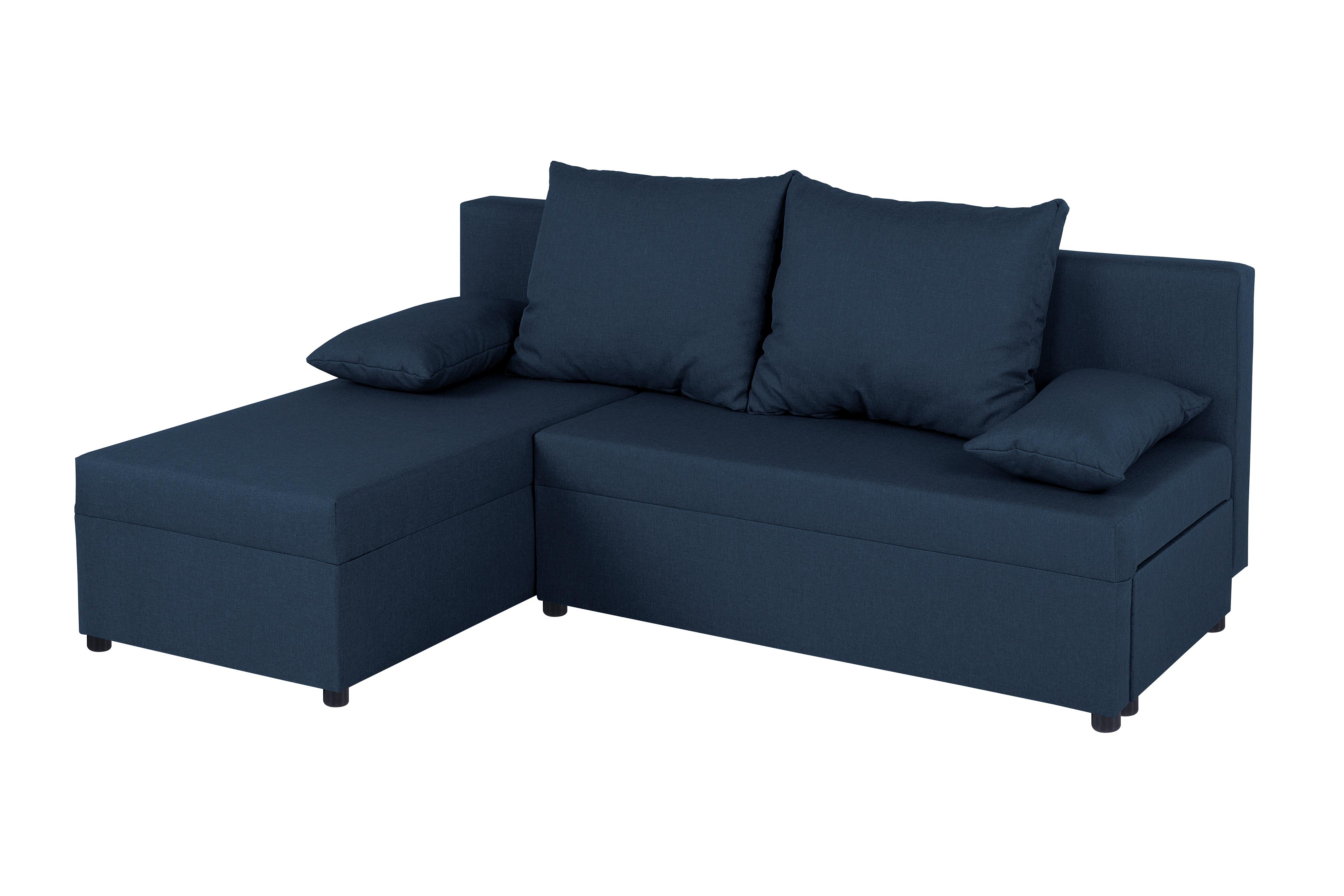 Rohová sedačka JON,modrá, oboustranná,lůžko,úl.prostor - modrá/černá, Design, kompozitní dřevo/textil (195/147cm) - P & B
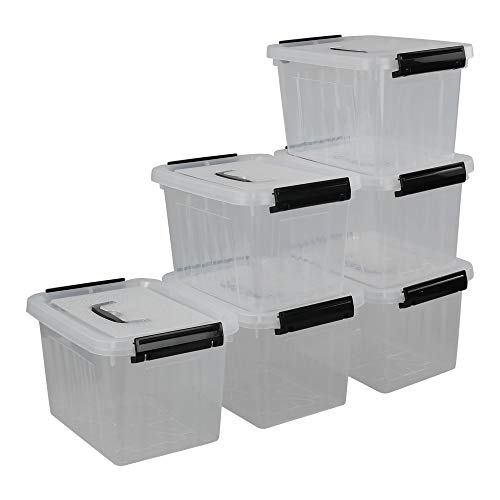 Idomy 6 Quart Plastic Storage Box, Clear Storage Bins with Lid, Pack of 6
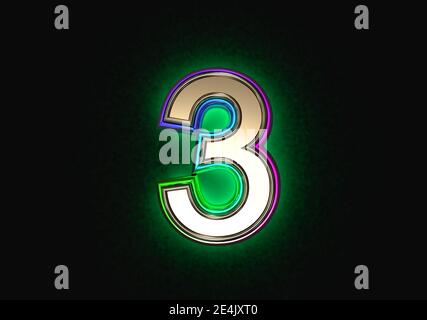 Grey metal with colorful dichroic glass outline and green backlight font - number 3 isolated on dark, 3D illustration of symbols Stock Photo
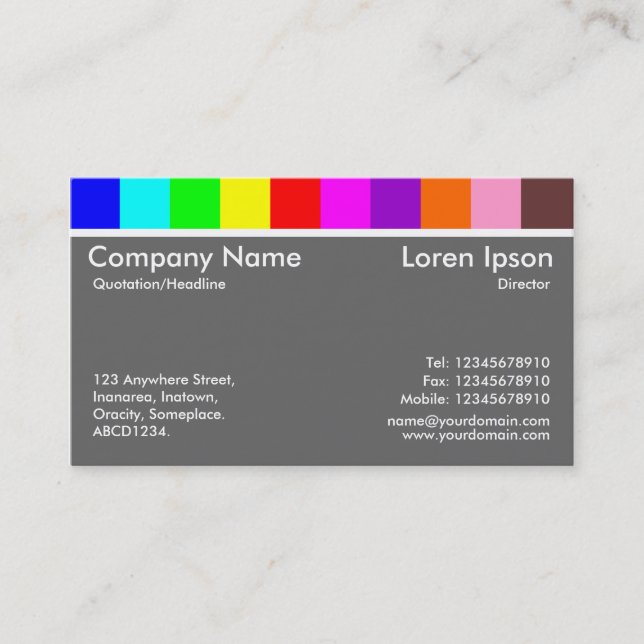 Colour Variations 06 (60% Grey) Business Card (Front)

○ ○ ○ ○

* DIRECTIONS *
Pictures do not belong in the copy. Reproduce the rest of the data exactly.

* RESULT OF THE TASK *
 Rohová sedačka JON,modrá, oboustranná,lůžko,úl.prostor - modrá/černá, Design, kompozitní dřevo/textil (195/147cm) - P & B
 Idomy 6 Quart Plastic Storage Box, Clear Storage Bins with Lid, Pack of 6
 Grey metal with colorful dichroic glass outline and green backlight font - number 3 isolated on dark, 3D illustration of symbols Stock Photo
 Colour Variations 06 (60% Grey) Business Card (Front)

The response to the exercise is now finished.